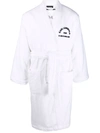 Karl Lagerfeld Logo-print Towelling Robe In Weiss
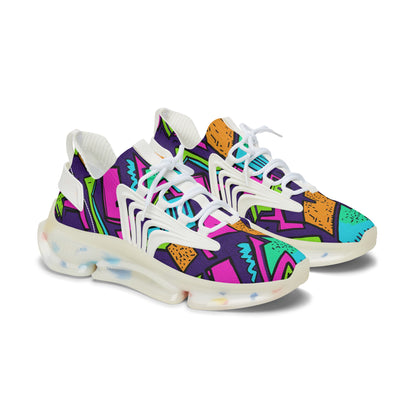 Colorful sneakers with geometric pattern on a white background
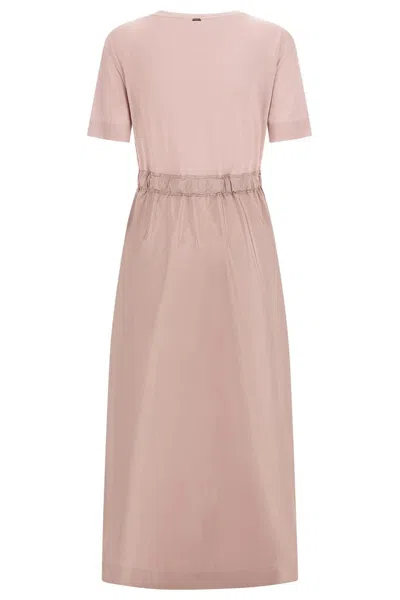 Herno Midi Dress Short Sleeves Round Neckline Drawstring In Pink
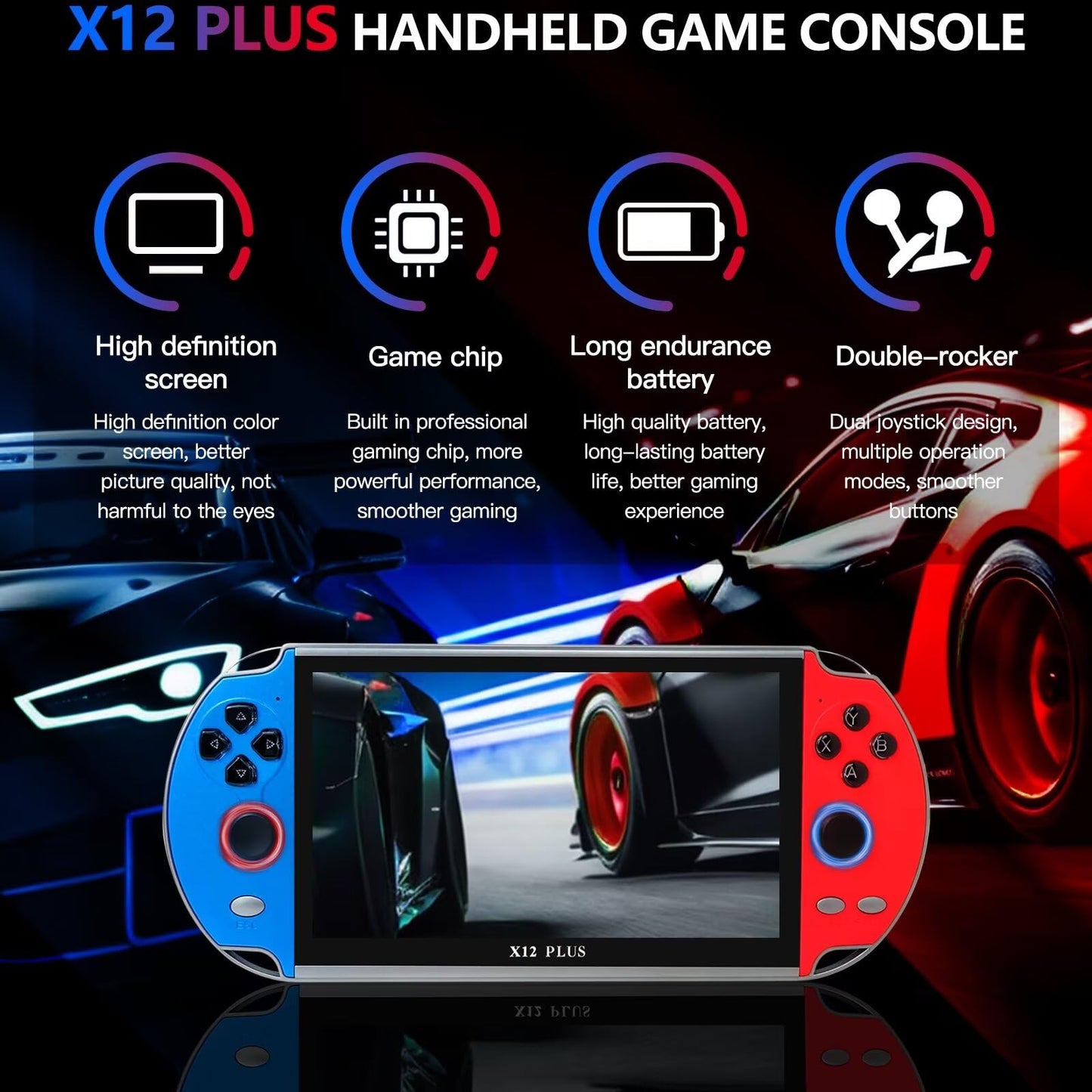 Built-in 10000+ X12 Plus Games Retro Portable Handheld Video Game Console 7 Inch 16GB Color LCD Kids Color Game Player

****

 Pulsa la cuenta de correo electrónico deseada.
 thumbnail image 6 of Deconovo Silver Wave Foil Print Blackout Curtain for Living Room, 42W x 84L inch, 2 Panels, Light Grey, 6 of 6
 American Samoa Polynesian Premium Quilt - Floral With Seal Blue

****

-- Your task --
Take only the lines above from the one that has "Herno Midi Dress" through the one that has "Built-in 10000+ X12" and reproduce them exactly, omitting any pictures.

-- Reply to the exercise --
 Herno Midi Dress Short Sleeves Round Neckline Drawstring In Pink
 Built-in 10000+ X12 Plus Games Retro Portable Handheld Video Game Console 7 Inch 16GB Color LCD Kids Color Game Player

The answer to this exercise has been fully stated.